A problem in A. Friedman, Partial Differential Equations, 1969, chapter 1, section 14, is concerned with the elliptic, but not strongly elliptic PDE on the open unit disk $\mathbb D = \{z= x+ \mathrm iy \mid |z| < 1\}$ given by \begin{equation*} u_{xx} + 2\mathrm i u_{xy} + u_{yy} = 0, \qquad u(z) = 0, \forall z\in \partial \mathbb D. \end{equation*} Friedman claims that for any complex analytic function $f(z)$ defined on the closed unit disk $\bar{ \mathbb D}$, the function $u(z) = (1-|z|^2) f(z)$ solves the Dirichlet problem.
However, taking $f = 1$ already shows that this is not true. Can you explain that? Can you give a better example?

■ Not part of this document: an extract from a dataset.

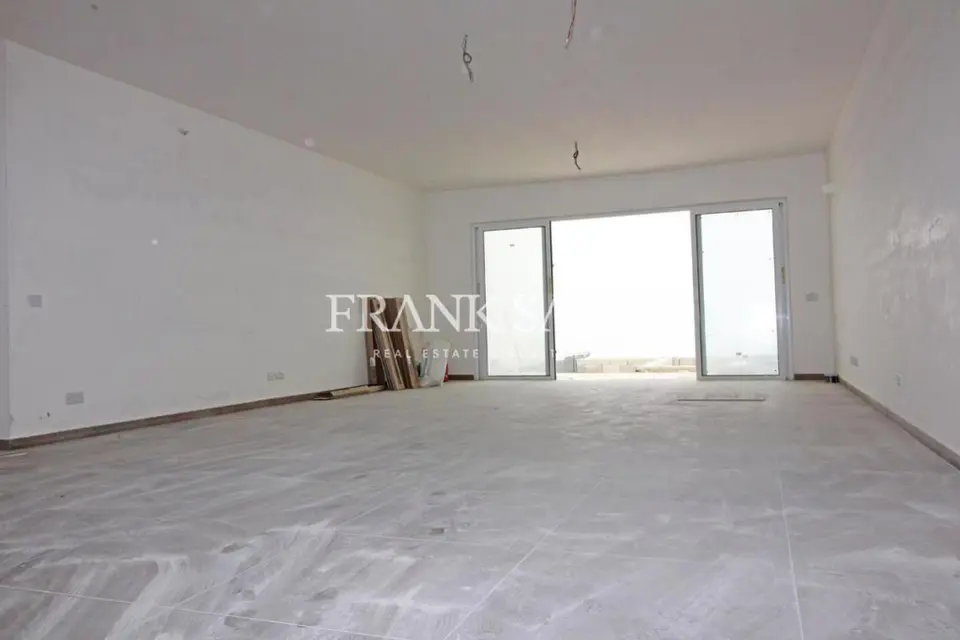 St Julians, Elevated Maisonette
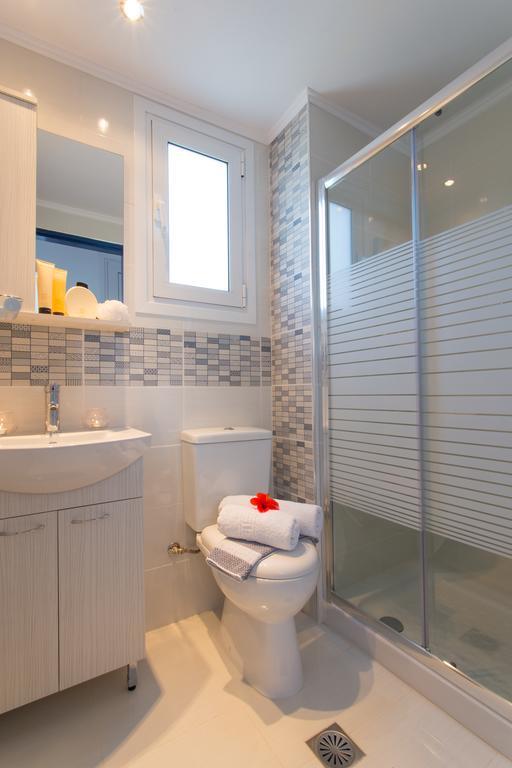 White Blue Villa Lakhania Ngoại thất bức ảnh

There appears to be a typo in the equation Friedman treats. Whenever $f(z)$ is analytic, the function $u(z)=(1-|z|^2)f(z)$ does satisfy $$ u_{xx}+2{\rm i}u_{xy} - u_{yy}=0.$$ The symbol of this equation is $$ a(\xi)=\xi_1^2+2{\rm i}\xi_1\xi_2-\xi_2^2 = (\xi_1+{\rm i}\xi_2)^2, $$ which does not vanish for any real vector $\xi=(\xi_1,\xi_2)$ except for $(0,0)$. This makes the PDE elliptic in the sense that I believe Friedman's book uses (which I take from a 1955 paper of Nirenberg titled Remarks on strongly elliptic partial differential equations). But it is not ``strongly elliptic,'' since it is false that $$\Re a(\xi)=\xi_1^2-\xi_2^2 \ge c(\xi_1^2+\xi_2^2)$$ for some postive constant $c$.